**WORK TASK**
In the data below, locate the line containing "Deltakere på vei" and the line containing "Longboat Key Vacation", then retype both and everything between them exactly. Pictures are not part of the copy.

**DATA FOR THIS EXERCISE**
=== Section Start ===

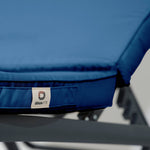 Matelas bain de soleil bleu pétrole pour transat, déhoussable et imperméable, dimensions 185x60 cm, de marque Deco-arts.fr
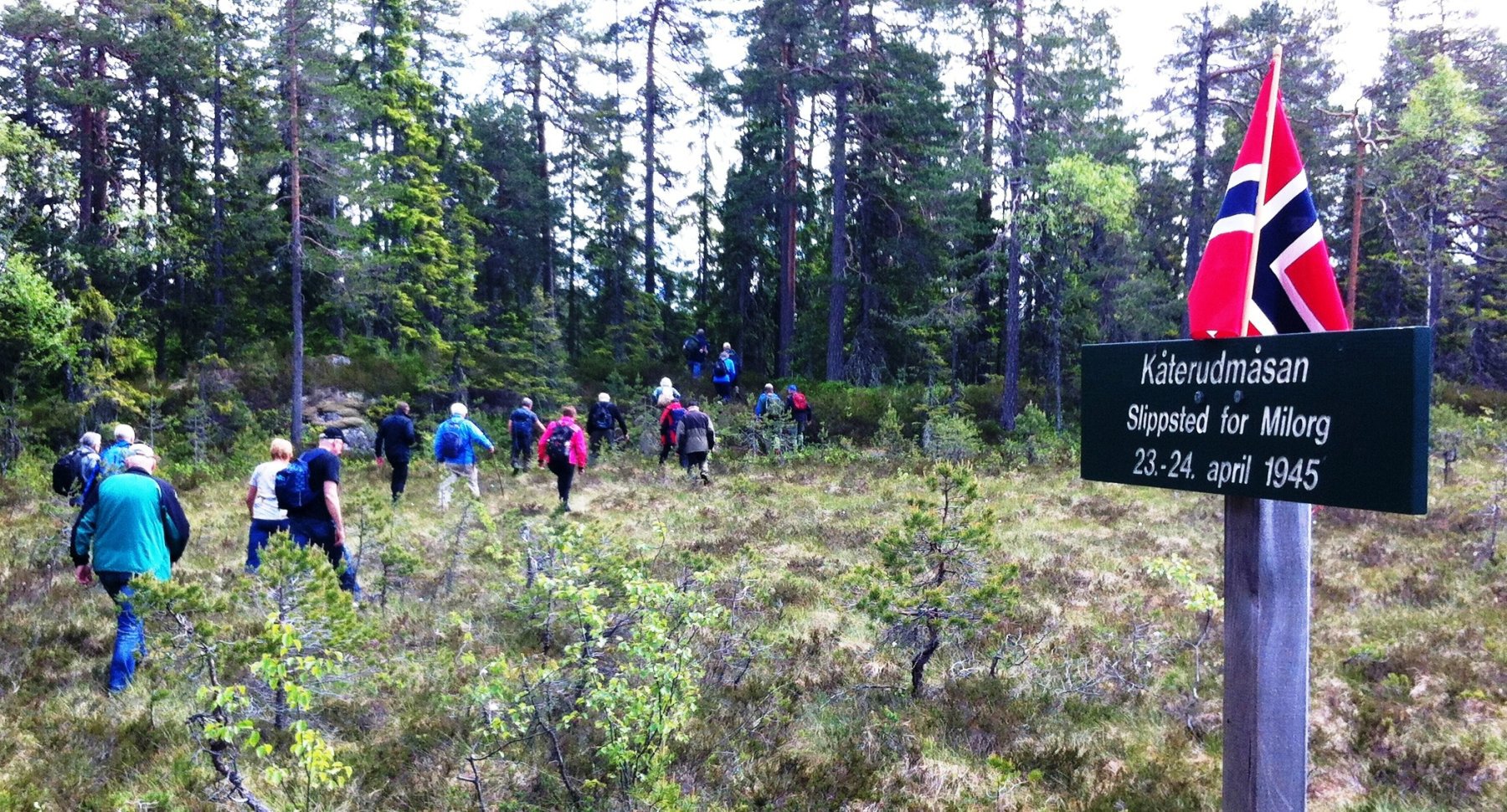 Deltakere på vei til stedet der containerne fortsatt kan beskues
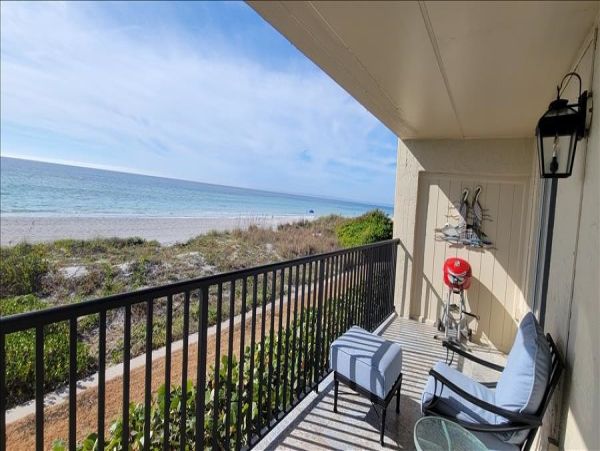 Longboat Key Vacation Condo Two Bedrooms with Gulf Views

=== Section End ===
=== Section Start ===

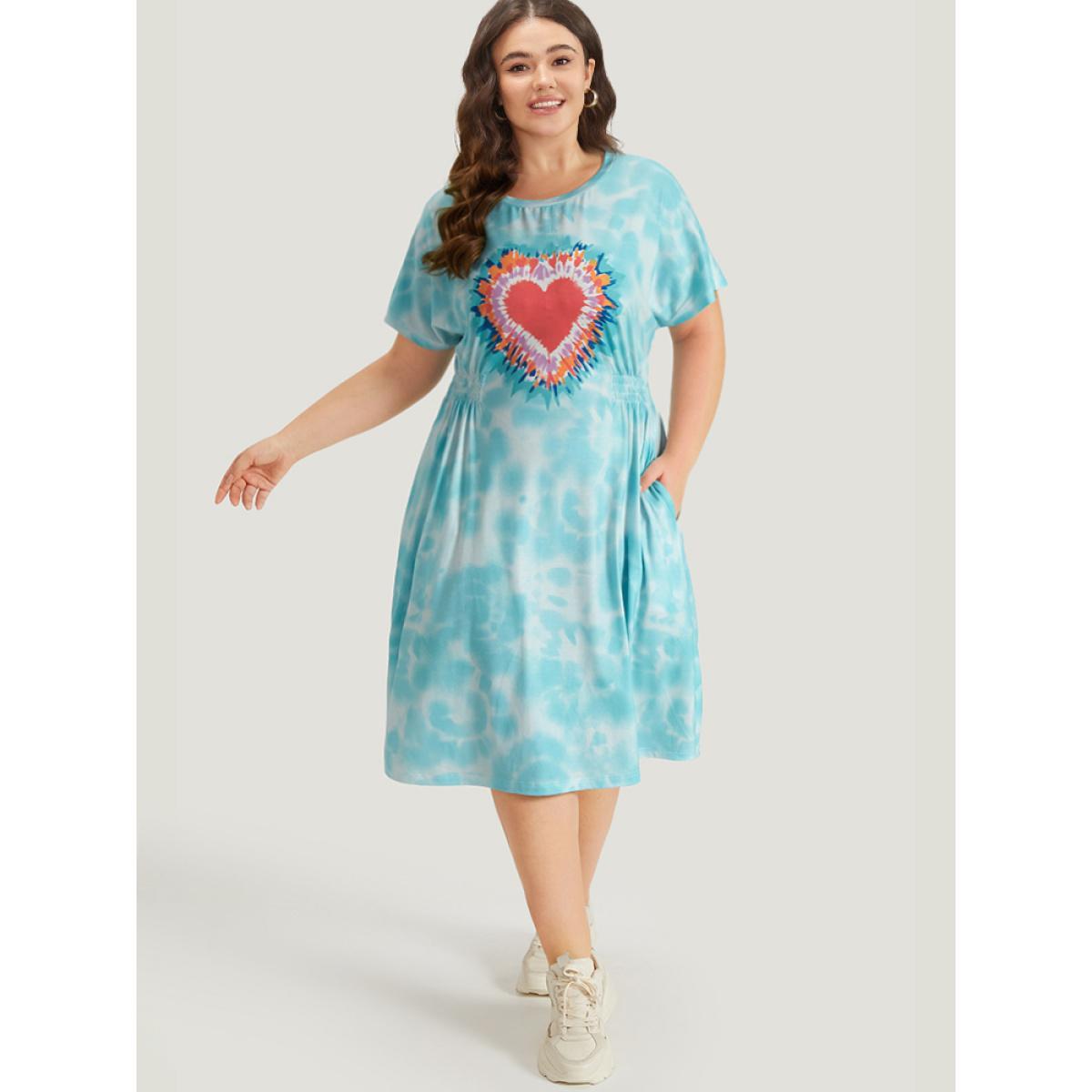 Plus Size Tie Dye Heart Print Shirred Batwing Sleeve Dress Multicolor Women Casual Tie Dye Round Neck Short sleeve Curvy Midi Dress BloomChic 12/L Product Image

=== Section End ===
=== Section Start ===

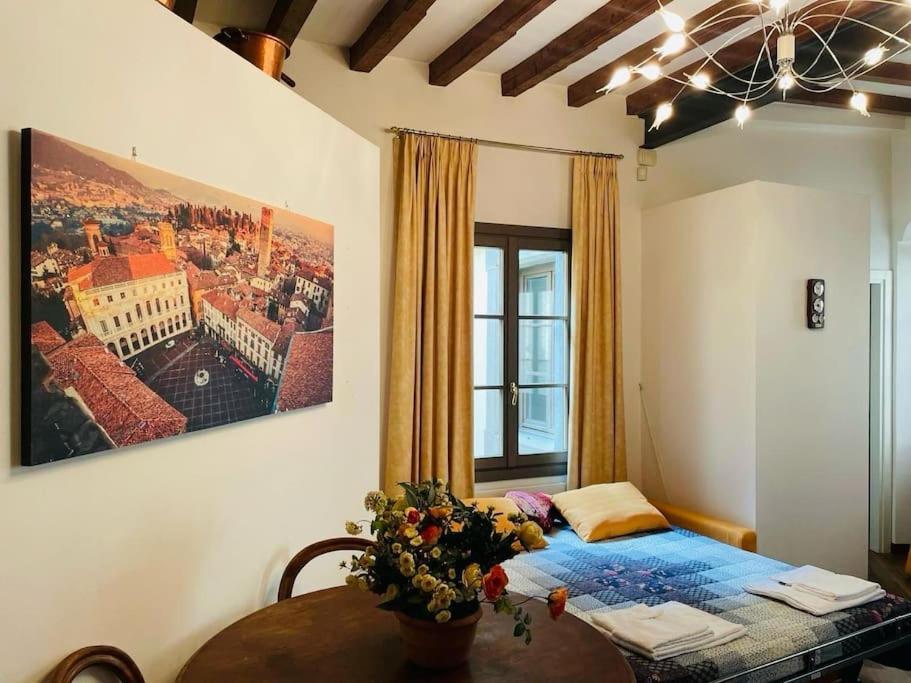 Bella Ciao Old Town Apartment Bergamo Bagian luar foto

=== Section End ===

**COMPLETED EXERCISE**
 Deltakere på vei til stedet der containerne fortsatt kan beskues
 Longboat Key Vacation Condo Two Bedrooms with Gulf Views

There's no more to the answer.